I have being studying the relationship between soil and plant variables. I have a total of 25 variables in 12 location, I'm a little bit confused on the number of PCs to use that will best explain the relationship.
1. If you are doing PCA as a pre processing step to supervised learning, than the optimal number of PCA dimensions should be chosen by cross validation. I am a fan of five times repeated 5-fold cross validation.
2. If you are using PCA as an unsupervised method to explore and visualize the data then several options exist:
-a. as Clément suggested a hard cap of a certain variance explained like 80% or even 95%
-b. construct a scree plot: variance explained (or eigenvalues) ~ number of dimensions. As one moves to the right, toward later components, the eigenvalues drop. When the drop ceases and the curve makes an elbow toward less steep decline, Cattell's scree test says to drop all further components after the one starting the elbow.
-c. Kaiser criterion: The Kaiser rule is to drop all components with eigenvalues under 1.0.
-d.
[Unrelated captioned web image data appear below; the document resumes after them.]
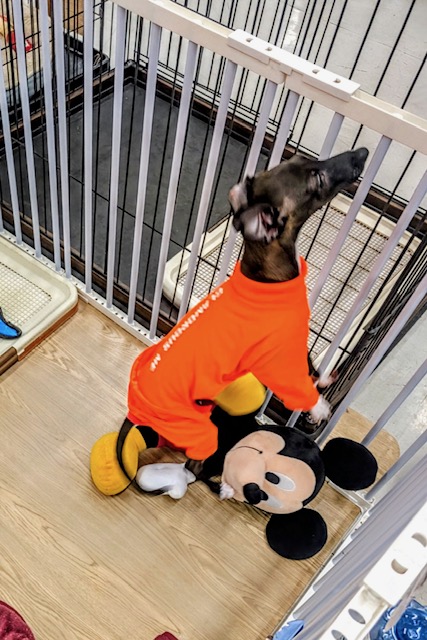 イタリアングレーハウンド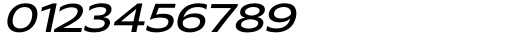 Vilsuve Regular Oblique Font OTHER CHARS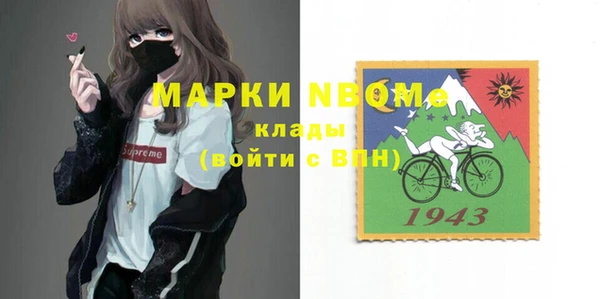 стаф Алзамай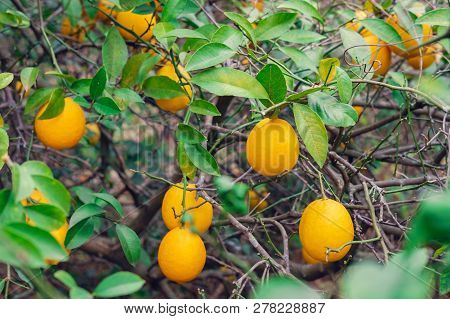 Branches Of Lemon Tree, Green Leaves Background
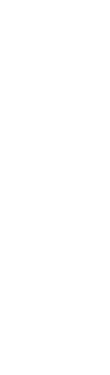 Usagi's image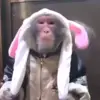🙈 Эмодзи «Monkeys #animals #cute #memes» для Telegram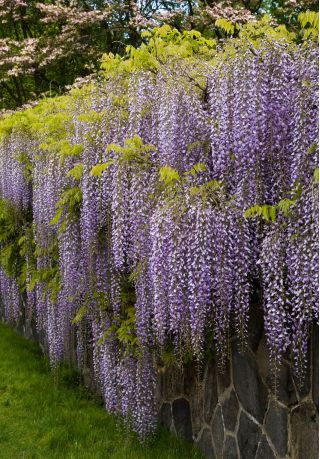 Wisteria niebiesko-fioletowa - Glicynia chińska, Słodin - najpiękniejsze pnącze świata - sadzonka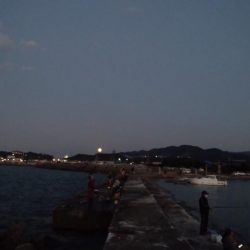 午後からちょこっとだけ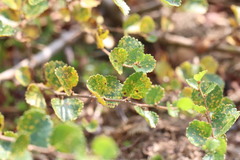 Melampsoridium betulinum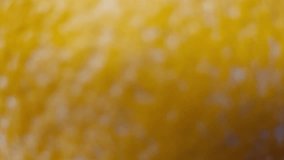 abstract color degradation on orange with out of focus for advertising background video. Blurred Orange Citrus Fruits: Abstract Bokeh Background Loop for Healthy Food, Nutrition, and Freshness Concept - Powered by Shutterstock - Get 15% off with code: PIKWIZARD15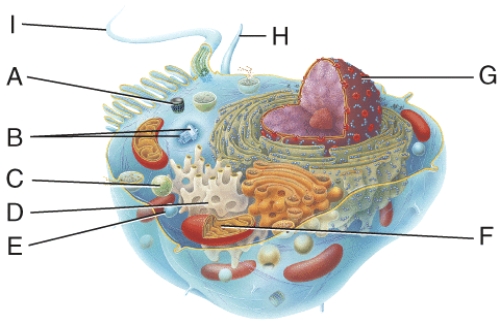 In the diagram, this structure directs cellular activities.   A)  D B)  F C)  G D)  A E)  H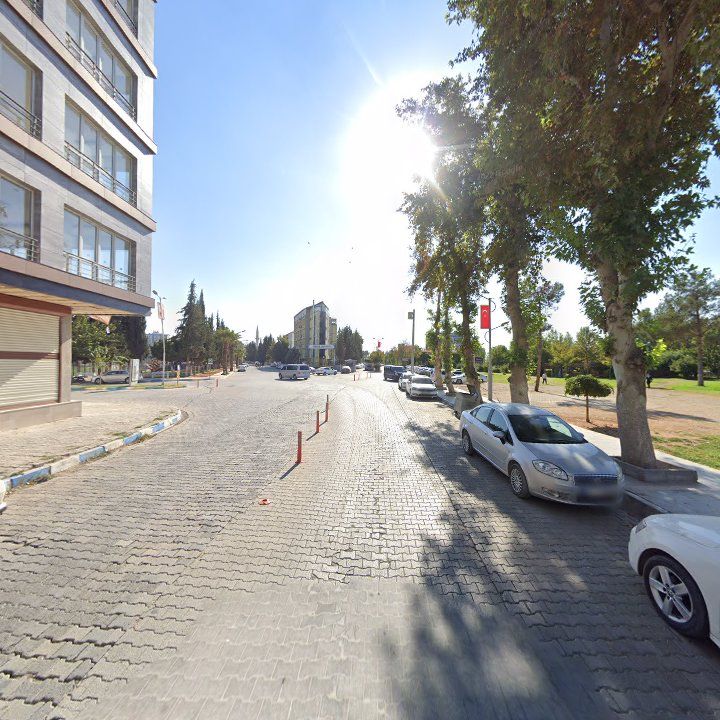 Fotoğraf 7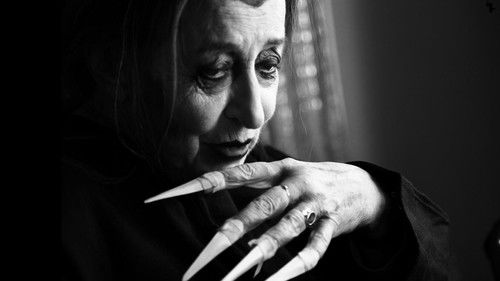 Portret z pamięci Bild 1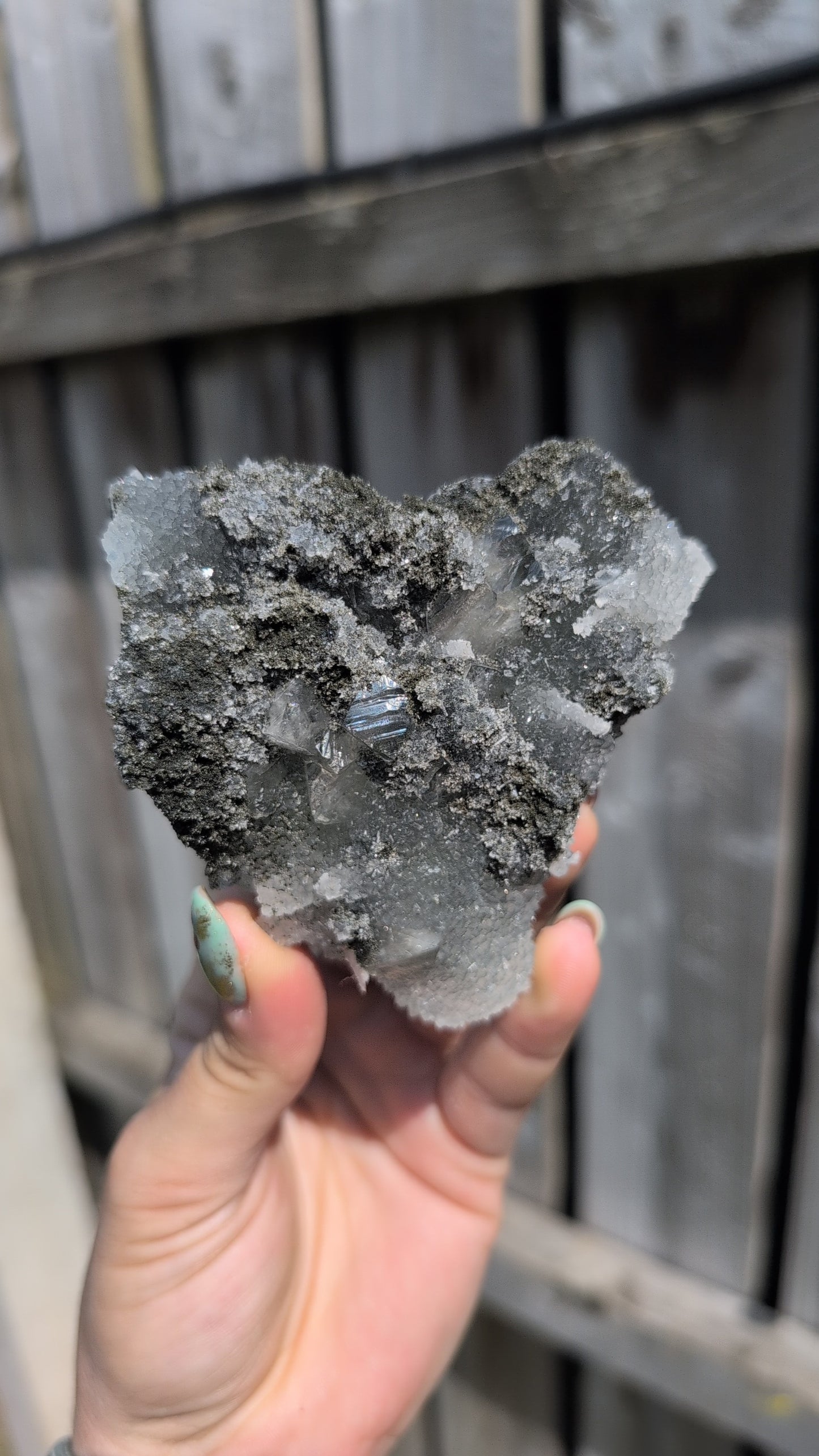 Black forest Apophyllite ✨ B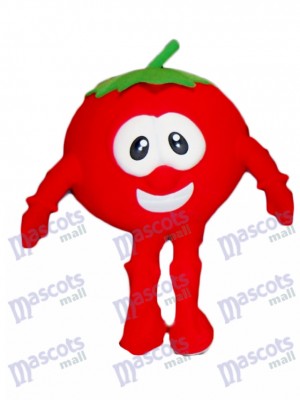 Bob le costume de mascotte de tomate de VeggieTales Cartoon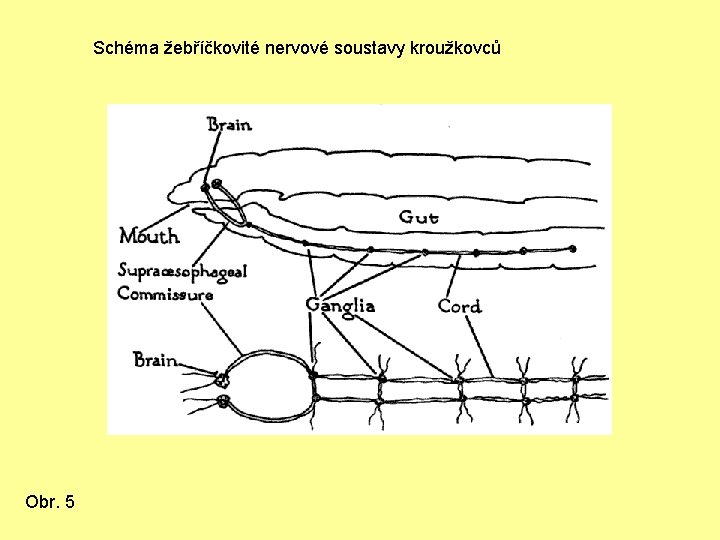 Schéma žebříčkovité nervové soustavy kroužkovců Obr. 5 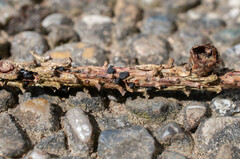 Tryblidiopsis pinastri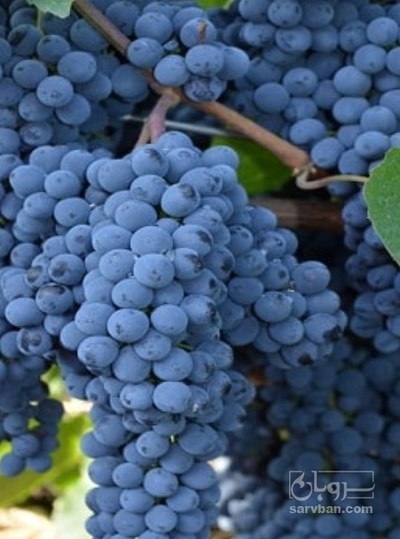 فروش انگور شانی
Horn's parallel analyses - which I am a fan of. Horn's method contrasts
eigenvalues produced through a PCA on a number of random
data sets of uncorrelated variables with the same number of
variables and observations as the experimental or observational
data set to produce eigenvalues for components that
are adjusted for the sample error-induced inflation. Components
with adjusted eigenvalues greater than one are retained.
More detail: http://pdxscholar.library.pdx.edu/commhealth_fac/27/
Here is a decent post on how to perform it in R: https://www.r-bloggers.com/determining-the-number-of-factors-with-parallel-analysis-in-r/
Hello Ekene, remember that when using PCA, your objective is to reduce the number of variable or better still "group" the variables into a smaller number such that loss of information is minimal. Actually, the number of PCs to consider are those that will explain the variability at a very high degree. For example if the first three PCs can explain more than 80% of the variation, then consider three PCs. If four PCs can explain that, then consider four. However, given that you have up to 25 variables, try to limit the PCs to a maximum of four or five, provided they explain the variability to a very high extent (say > 80%).